Le procès du bombardement de Bouaké en Côte d’Ivoire s’ouvre aux assises de Paris

Le 6 novembre 2004, deux avions ivoiriens bombardent un camp français de la force Licorne à Bouaké, en Côte d’Ivoire : neuf soldats français et un civil américain sont tués, 38 personnes blessées. En représailles, l’armée française détruit l’aviation ivoirienne. S’ensuivent de fortes tensions entre Paris et Abidjan. Plus de 16 ans après, le procès des pilotes poursuivis pour assassinats, tentatives d’assassinat et destruction de biens s’ouvre ce lundi devant la cour d’assises de Paris, sans les accusés.

Le box sera vide. Sur les trois accusés, l’ex-mercenaire biélorusse Yury Sushkin soupçonné d’avoir piloté l’un des Sukhois a disparu. Les deux co-pilotes présumés ivoiriens, Ange Magloire Gnanduillet Attualy et Patrice Ouei ont bénéficié dans leur pays d’une loi d’amnistie en 2007. Une situation « très, très dure » à vivre explique Edwige Laliche, qui a perdu son fils. « Vous imaginez, on tue votre enfant… On sait qui sont les assassins et ils sont en liberté ! Ils m’ont détruite, ils ont détruit ma vie, ils ont détruit beaucoup de choses. Il y a un procès, plus de seize ans après, et ils ne sont pas là ! C’est peut-être ce qui sera le plus dur », confie-t-elle.

Ce n’est donc pas des accusés que viendront les éclaircissements tant attendus par les victimes et leurs proches. Car de nombreuses zones d’ombres perdurent dans ce dossier. À commencer par la question centrale : qui a ordonné ce bombardement et pourquoi ?

Bref rappel du contexte. En novembre 2004, la Côte d’Ivoire est coupée en deux : les forces loyalistes de Laurent Gbagbo au sud, les rebelles de Guillaume Soro au nord et entre les deux, les Casques bleus et les Français de la force Licorne. Malgré des accords de cessez-le-feu signés en 2003 et contre l’avis du président Chirac, Laurent Gbagbo lance le 4 novembre une opération de reconquête notamment sur Bouaké, fief de la rébellion. Après avoir bombardé des positions rebelles jusque dans la matinée du 6, à la mi-journée, c’est sur le camp français que tirent les avions Sukhoi ivoiriens.

L’hypothèse d’une erreur de cible est vite écartée par les témoins et les circonstances de l’attaque. Qui aurait donc sciemment ordonné le raid?

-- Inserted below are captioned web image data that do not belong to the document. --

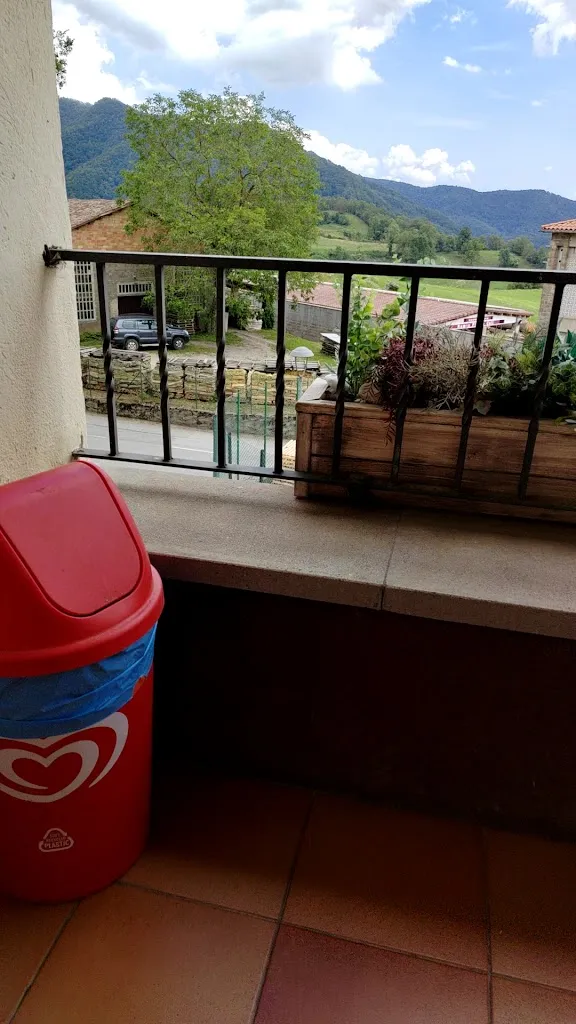 Hostal Serrasolses_Vidrà_slider_image_2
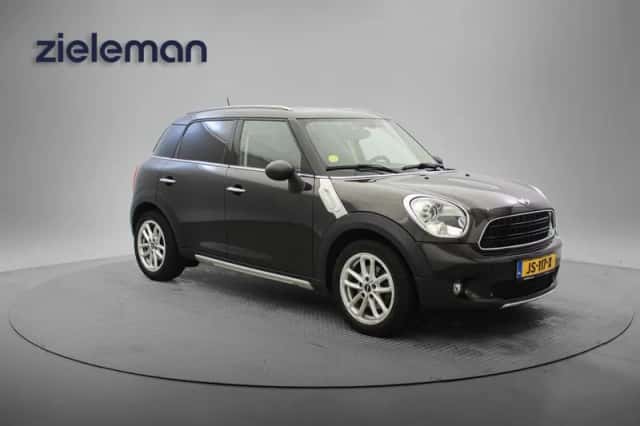 MINI Countryman (2016) thumbnail 1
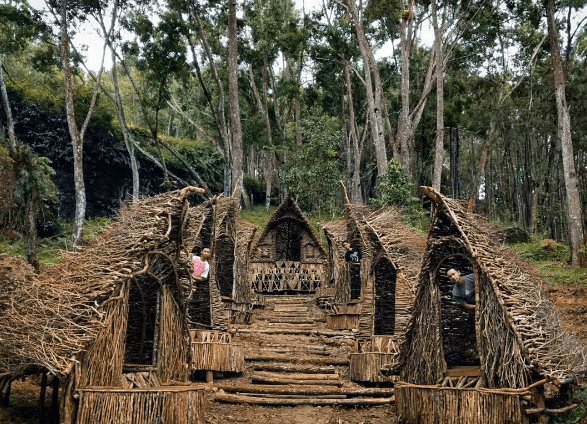 Detail Seribu Batu Rumah Hobbit Nomer 3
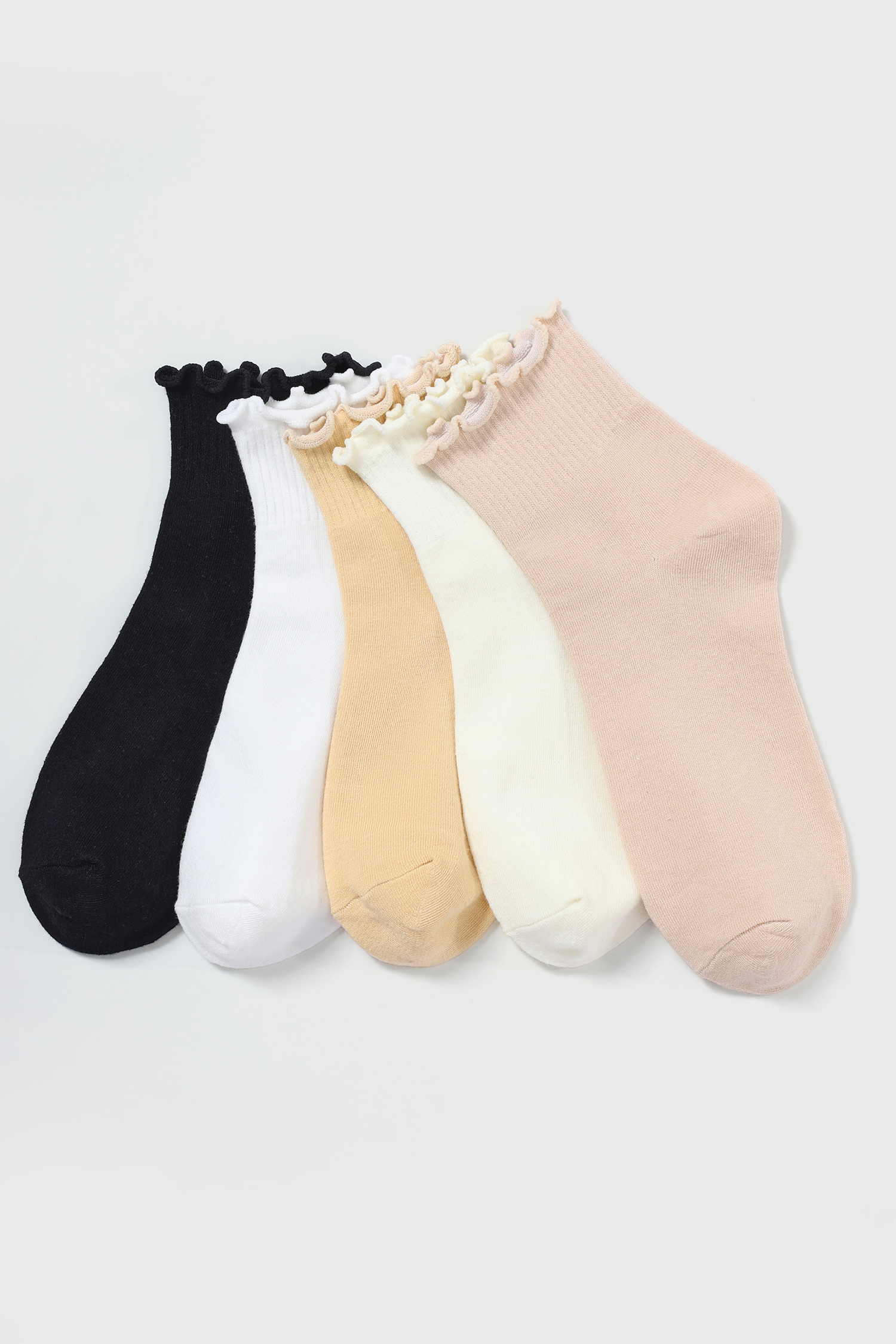 Neutrales Socken-Set mit gewelltem Randbesatz von CUPSHE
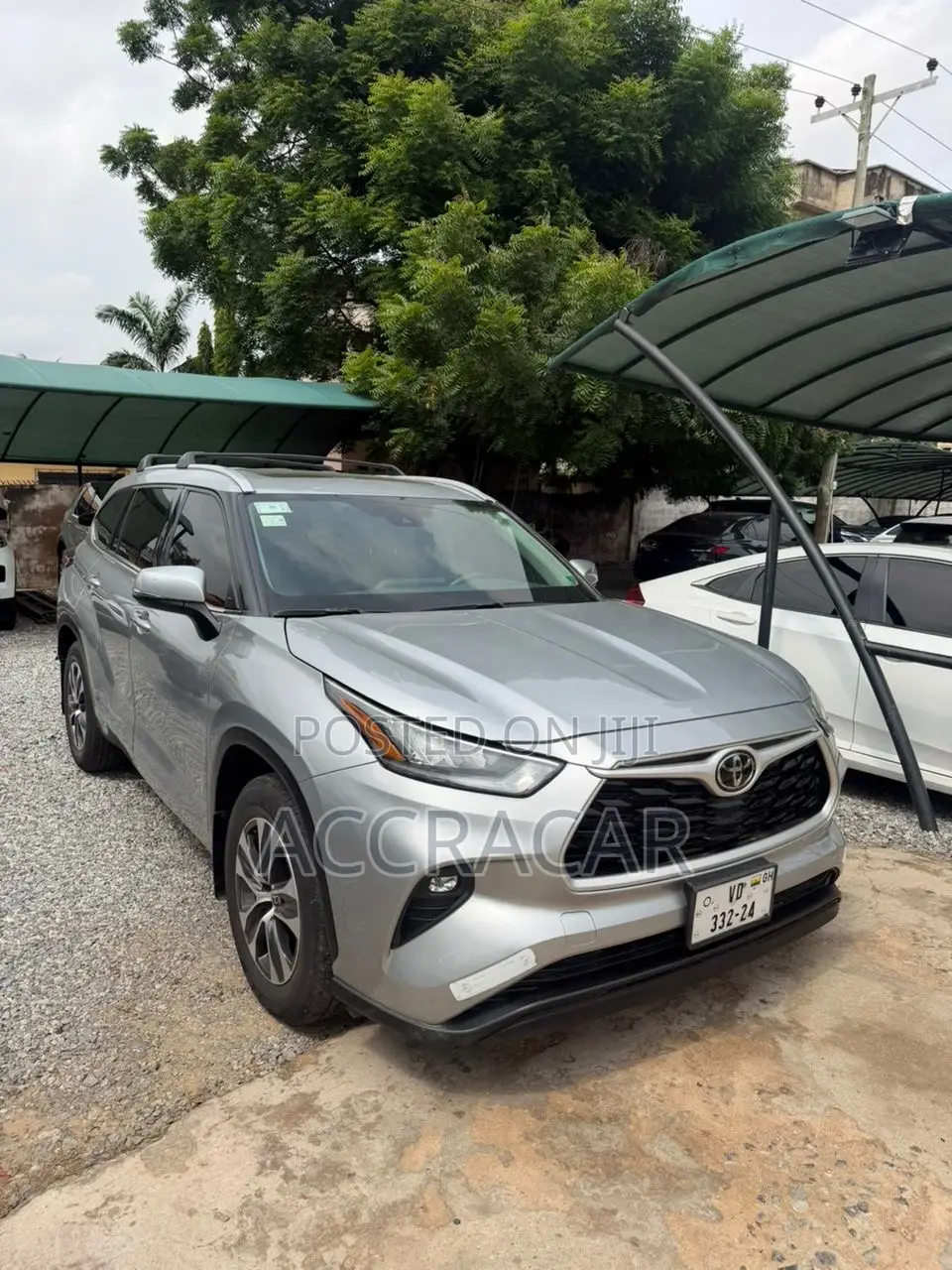 Toyota Highlander XLE 2022 Silver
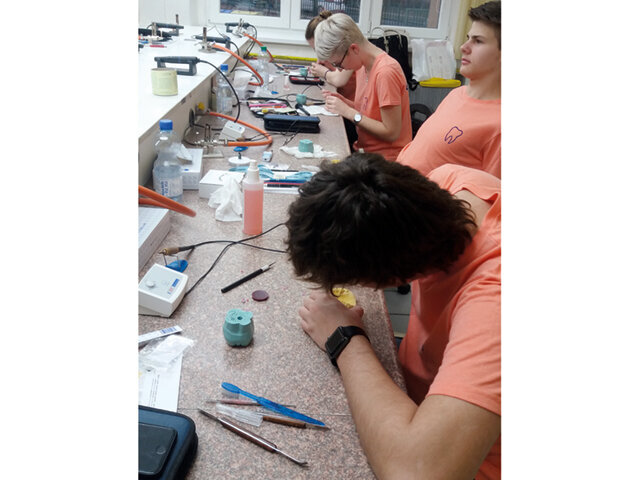 Po přestávce následovala hlavní část soutěže, a to modelace 3 horních frontálních zubů – 3 sólo korunek stojících vedle sebe.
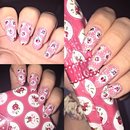 Vintage style floral nail art 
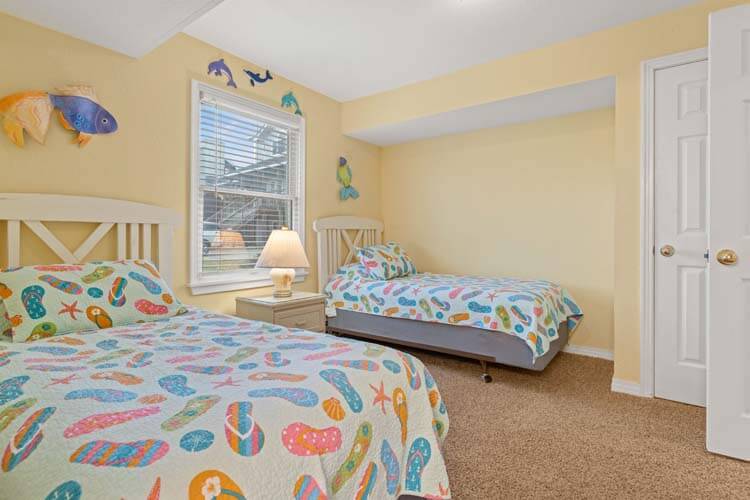 Ground Floor Twins with Shared Bath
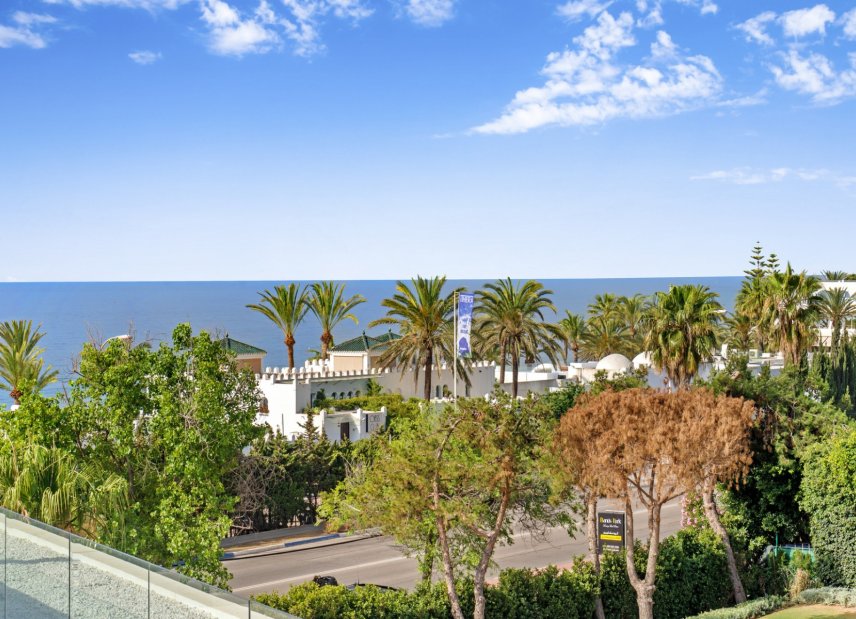 Resale - Villa -
Marbella - Golden Mile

Avions ivoiriens, décision ivoirienne ? C’est l’hypothèse de Maître Lionel Béthune de Moro, avocat de plusieurs victimes. « Nous, on a une lecture simple », explique-t-il. « Que celui qui paie les avions, les pilotes, les mécaniciens puisse être le donneur d’ordre. Et nous avons les flux financiers entre la Côte d’Ivoire et la Biélorussie. » En revanche, précise-t-il, « il n’y a pas de certitude sur le donneur d’ordre ivoirien : est-ce le chef de l’État, chef des armées – ce qui ne paraît pas aussi simple, dans un pays qui traversait une crise et une partition ? Est-ce le chef d’état-major des armées ? On a aussi parlé de certains faucons qui tournaient autour des autorités ivoiriennes… » pointe-t-il, avant d’ajouter : « Mais bien évidemment, mes clients ce qu’ils attendent avant tout, c’est la vérité. Quel que soit le commanditaire du bombardement. »

Pour les tenants d’une responsabilité ivoirienne, le raid aurait alors dû servir soit à provoquer la rupture avec la France, voire le départ des forces tricolores ; soit à masquer les difficultés rencontrées dans l’opération de reconquête.